Hundreds of Brotherhood leaders, members and supporters, including Morsi himself and the group's top chief Mohamed Badie, are currently in jail. Many have received death sentences and life imprisonments over various charges varying from inciting violence and murder to espionage and jailbreak.

The former President Mohammad Morsi is currently serving a 20-year prison sentence over inciting deadly clashes between his supporters and opponents in late 2012 and a 25-year jail term over leaking classified documents to Qatar.

Since Morsi's ouster, Egypt has been facing a wave of attacks that have killed hundreds of policemen and soldiers as well as civilians.

Egyptian forces have killed hundreds of anti-government elements and arrested thousands during the country's so-called anti-terror war declared by Abdel-Fattah al-Sisi, the army chief who ousted President Morsi.

Abdel-Fattah el-Sisi was Army General when he led coup against Morsi, later he assumed the title of Field Marshall.

Egyptian judicial system has become a joke

Not surprisingly, in January this year CNN quoted an Egyptian attorney as saying that Egypt is using death sentences to settle scores.

Human rights advocates say the alarming numbers recorded by the Egyptian Coordination for Rights & Freedoms and the Initiative for Personal Rights are shocking -- but the stories behind them are even more harrowing, the CNN said adding:

What happened to four families from the northern city of Kafr el-Sheikh is a case in point. After more than a year of campaigning to have their loved ones' death sentences commuted in a case clouded by allegations of flaws in Egypt's judicial system, they received phone calls directing them to collect their relatives' bodies early on January 2.

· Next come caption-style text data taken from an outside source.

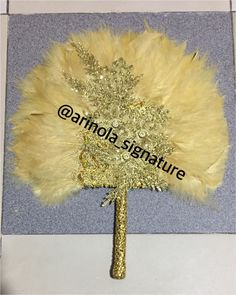 a gold and white feather fan on top of a table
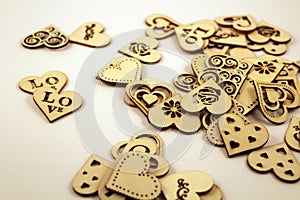 Many wooden hearts on white background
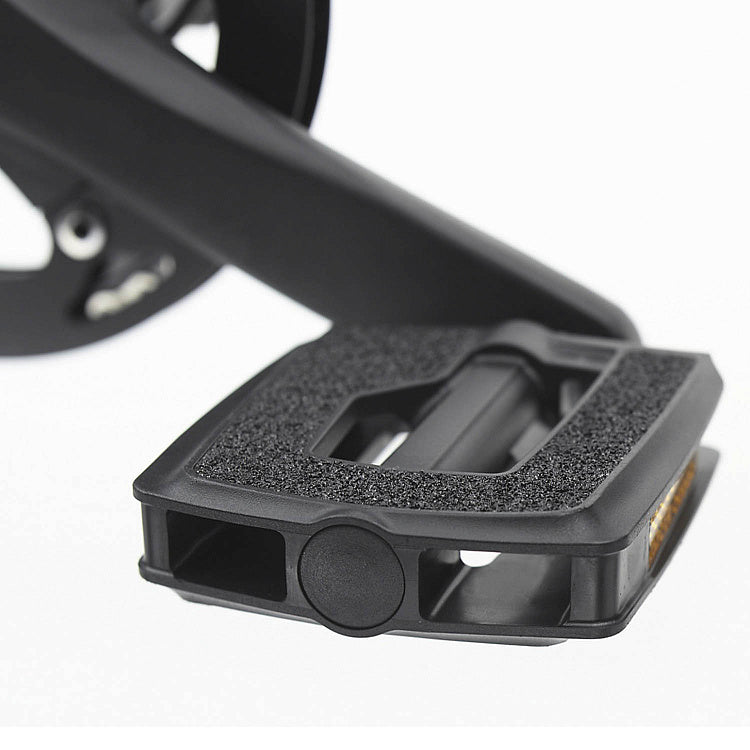 Close-up of a black bicycle pedal on a white background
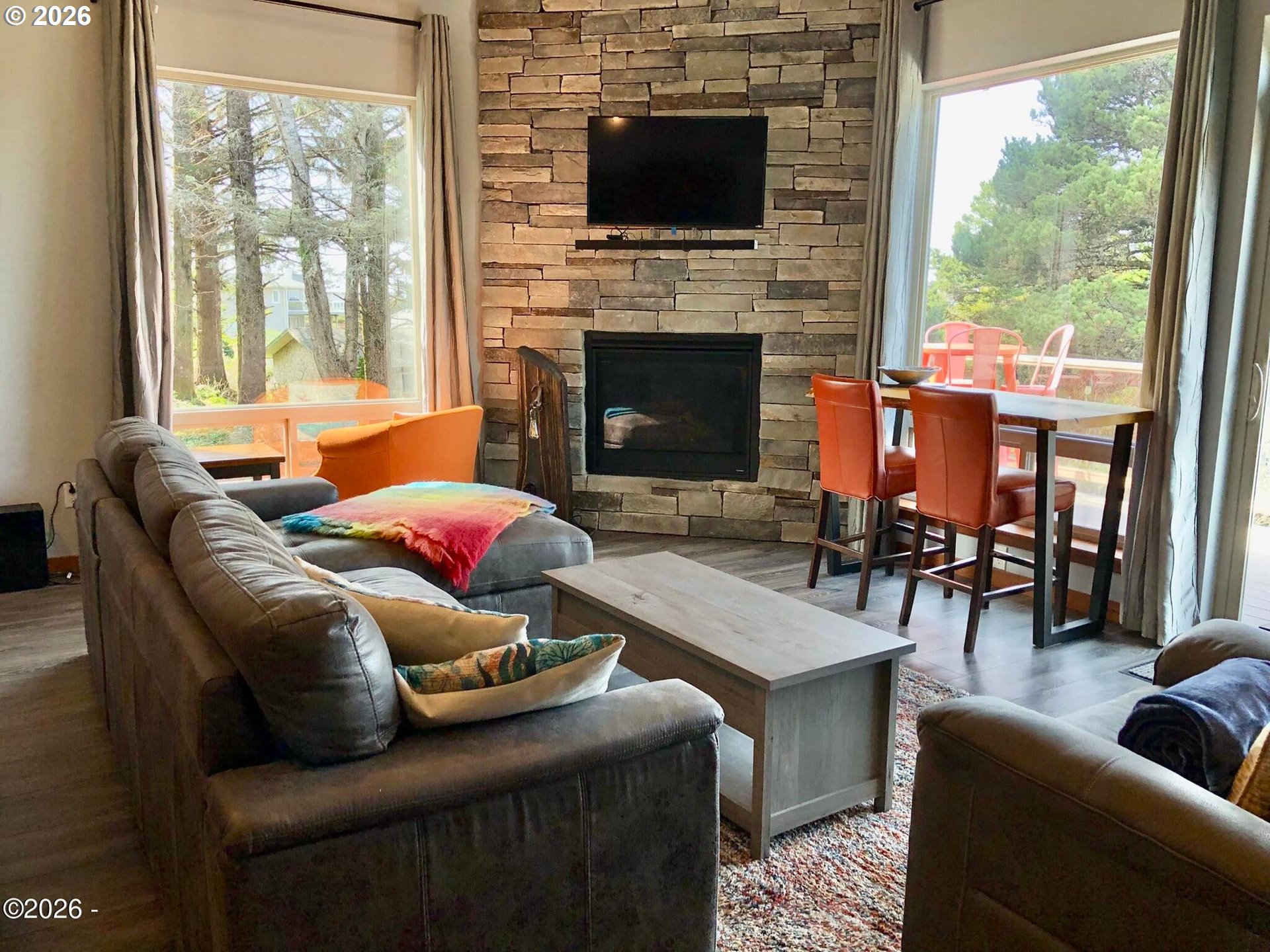 15 Shell Street Yachats, OR 97498 - Photo 12 of 47 a living room with furniture a fireplace and a flat screen tv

Tellingly, an Egyptian Kangaroo Court in February 2016 sentenced a four-year-old child to life imprisonment. The child, Ahmed Mansour Qurani Ali, was convicted on four counts of murder and eight counts of attempted murder. The Egyptian military admitted the mistake only after the story had already circled the globe.

To borrow Dr Mohamad Elmasry, an assistant professor in the Department of Communications at the University of North Alabama:

“The absurdity of the mass death sentences has cast grave doubt over the extent to which Egypt's judiciary is to be taken seriously, let alone considered independent. As Human Rights Watch's Sarah Leah Whitson noted: "Mass death sentences are fast losing Egypt's judiciary whatever reputation for independence it once had."

“The judiciary has also helped with a wider crackdown on liberal politicians and journalists considered threats to Egypt’s ruling regime. In 2014, Egypt's judiciary sentenced Al Jazeera journalists to prison after a trial that HRW said presented "zero evidence of wrongdoing". The judiciary has also upheld prison sentences and decisions to ban liberal groups and activists.

“Meanwhile, Egyptian judges have been easy on members of Egypt's deep state. They have acquitted Mubarak of murder and corruption charges; key Mubarak-era ministers of corruption charges; and police officers accused of killing protesters. In 2014, a court also annulled a sentence given to an officer convicted of killing 37 prisoners by suffocation.”